Philip K. Dick - Influence and Legacy

Influence and Legacy

Lawrence Sutin's 1989 biography of Dick, Divine Invasions: A Life of Philip K. Dick, is considered the standard biographical treatment of Dick's life.

In 1993, French writer Emmanuel Carrère published Je suis vivant et vous êtes morts which was first translated and published in English in 2004 as I Am Alive and You Are Dead: A Journey Into the Mind of Philip K. Dick, which the author describes in his preface in this way:

The book you hold in your hands is a very peculiar book. I have tried to depict the life of Philip K. Dick from the inside, in other words, with the same freedom and empathy – indeed with the same truth – with which he depicted his own characters.

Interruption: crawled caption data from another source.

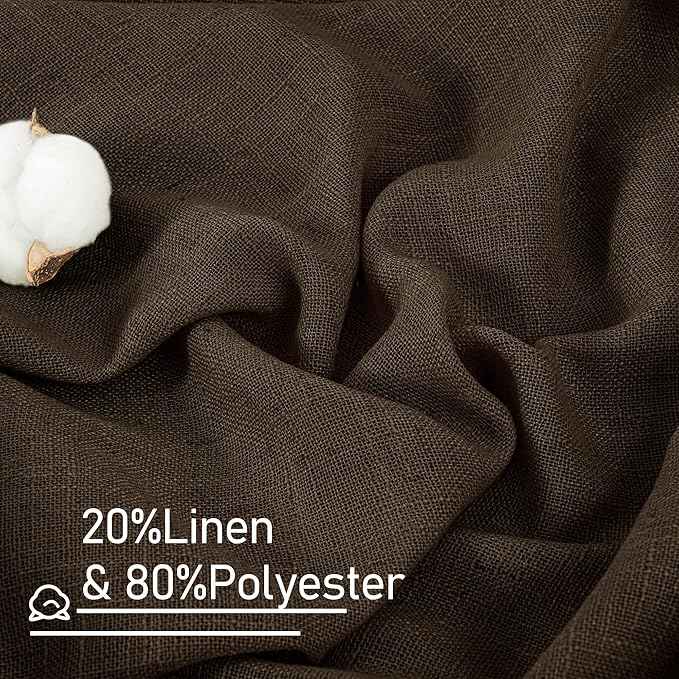 LAMIT Linen Curtains 60 Inch Length 2 Panels, Light Filtering Panels Back Tab and Rod Pocket Neutral Drapes for Bedroom/Window/Living Room, Dark Brown, 34 x 60 Inch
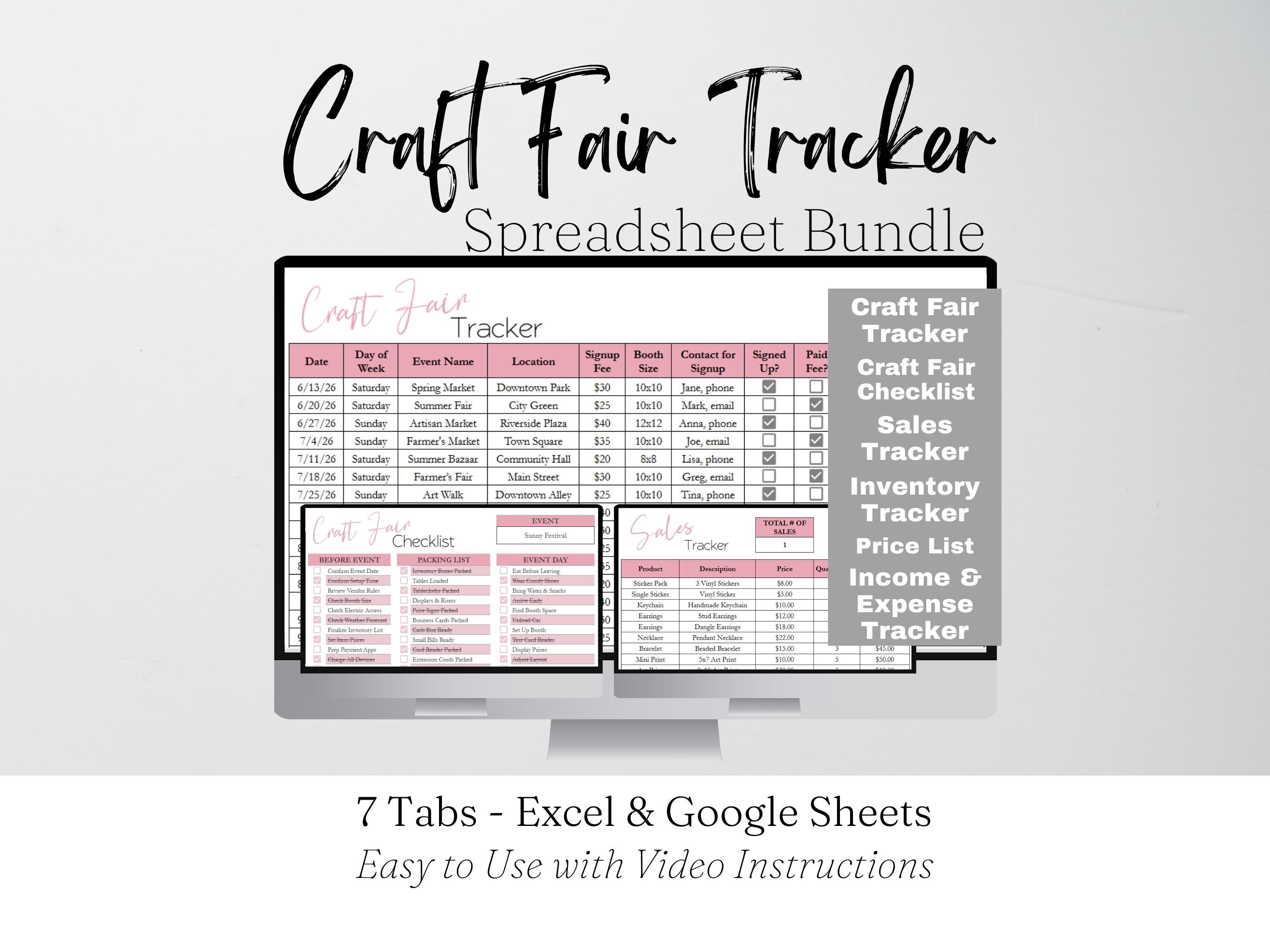 Craft Fair Tracker Bundle Google Sheets, Craft Show Planner Excel ...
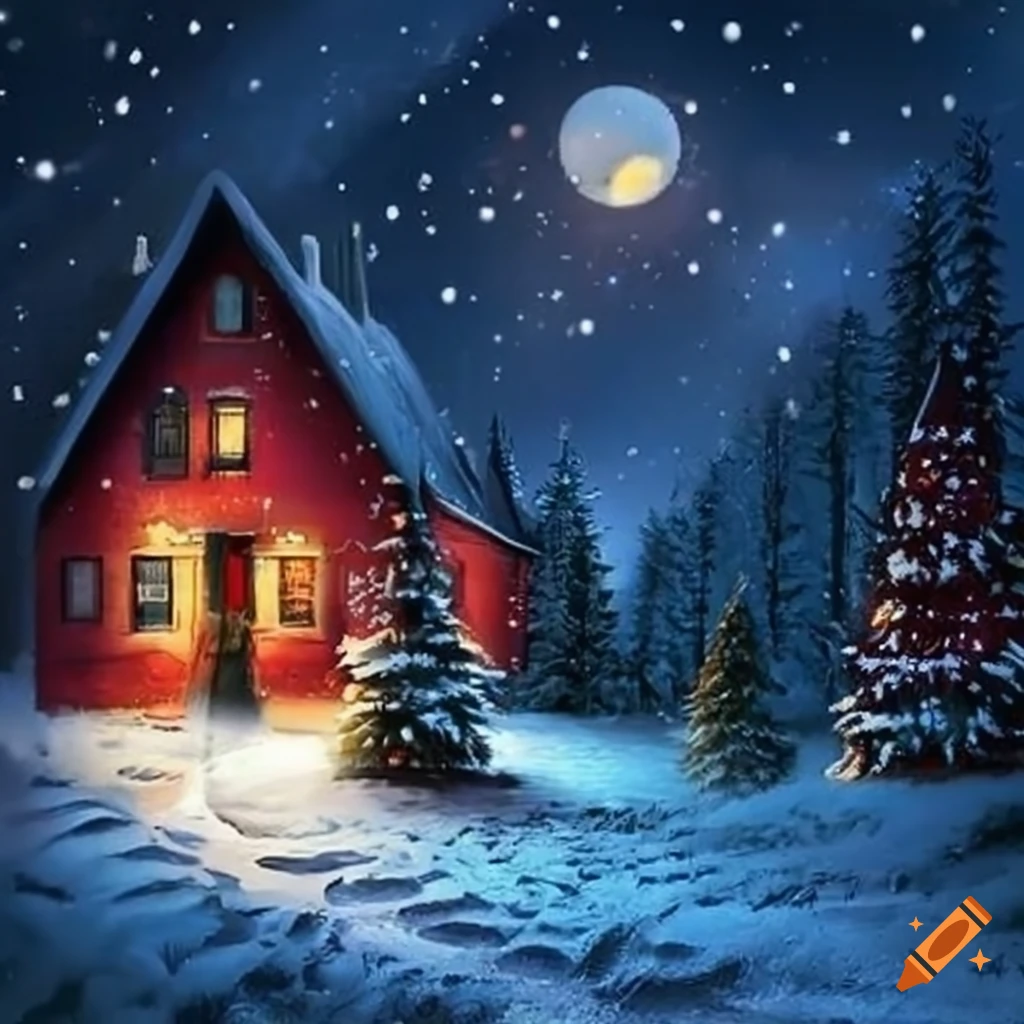 Paysage de noël le soir on Craiyon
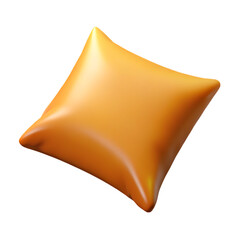 Fototapeta premium A single orange pillow resting on a dark surface illuminated with soft lighting transparent background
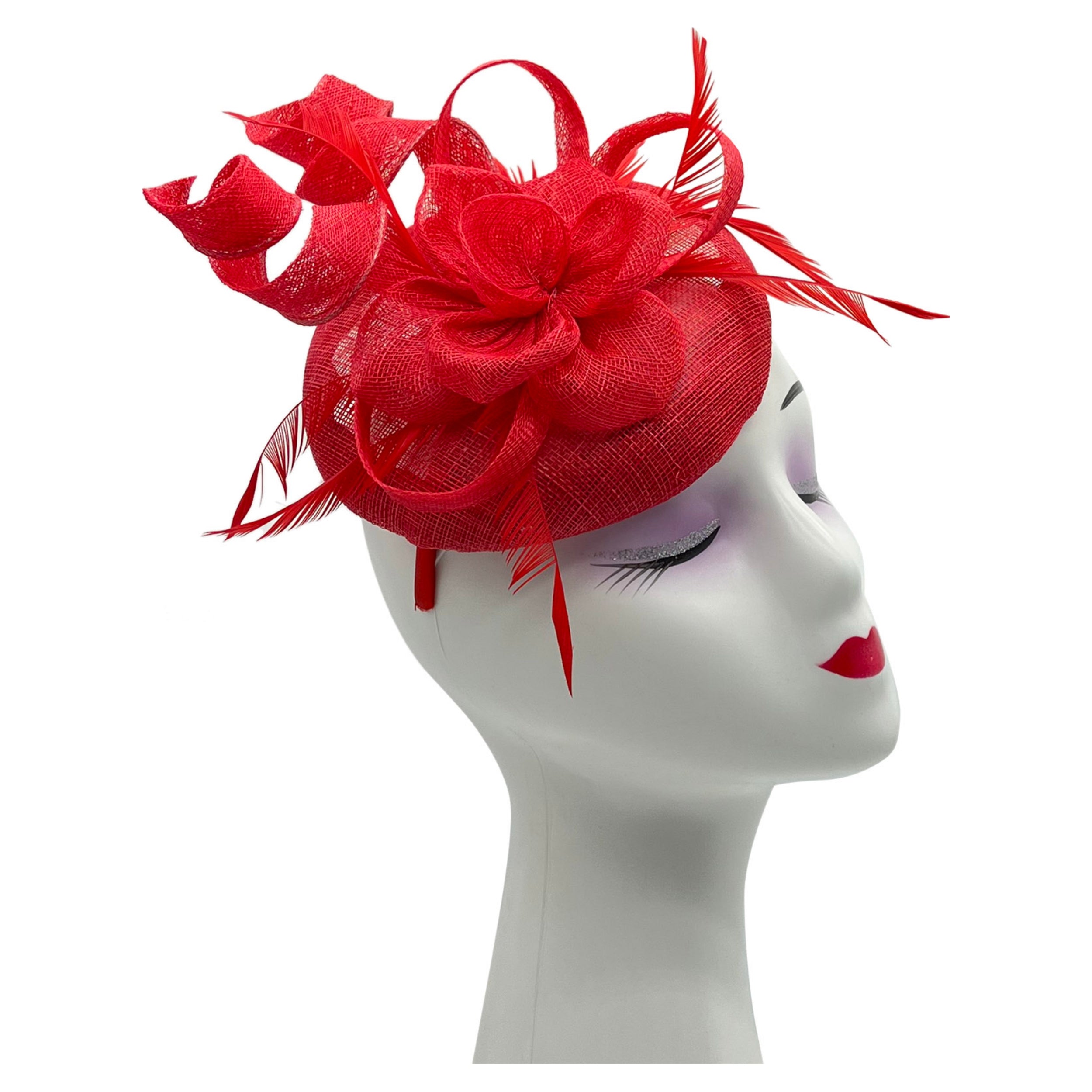 Women Round Base Sinamay Floral Fascinator Headband and Clip with Curled Straps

Critics of the book have complained about the lack of fact checking, sourcing, notes and index, "the usual evidence of deep research that gives a biography the solid stamp of authority." It can be considered a non-fiction novel about his life.

Dick has influenced many writers, including Jonathan Lethem, and Ursula K. Le Guin. The prominent literary critic Fredric Jameson proclaimed Dick the "Shakespeare of Science Fiction", and praised his work as "one of the most powerful expressions of the society of spectacle and pseudo-event". The author Roberto Bolaño also praised Dick, describing him as “Thoreau plus the death of the American dream”. Dick has also influenced filmmakers, his work being compared to films such as the Wachowski brothers's The Matrix, David Cronenberg's Videodrome, eXistenZ, and Spider, Spike Jonze's Being John Malkovich, Adaptation, Michel Gondry's Eternal Sunshine of the Spotless Mind, Alex Proyas's Dark City, Peter Weir's The Truman Show, Andrew Niccol's Gattaca, In Time, Terry Gilliam's 12 Monkeys, Wes Craven's A Nightmare on Elm Street, David Lynch's Mulholland Drive, Alejandro Amenábar's Open Your Eyes, David Fincher's Fight Club, Cameron Crowe's Vanilla Sky, Darren Aronofsky's Pi, Richard Kelly's Donnie Darko and Southland Tales, and Christopher Nolan's Memento and Inception.

The Philip K. Dick Society was an organization dedicated to promoting the literary works of Dick and was previously led by Dick's longtime friend the music journalist Paul Williams. Williams also served as Dick's literary executor for several years after Dick's death and wrote one of the first biographies of Dick, entitled Only Apparently Real: The World of Philip K. Dick.

Dick was recreated by his fans in the form of a remote-controlled android designed in his likeness. The android of Philip K. Dick was included on a discussion panel in a San Diego Comic Con presentation about the film adaptation of the novel, A Scanner Darkly. In February 2006, an America West Airlines employee misplaced the android's head, and it has not yet been found. In January 2011, it was announced that Hanson Robotics had built a replacement.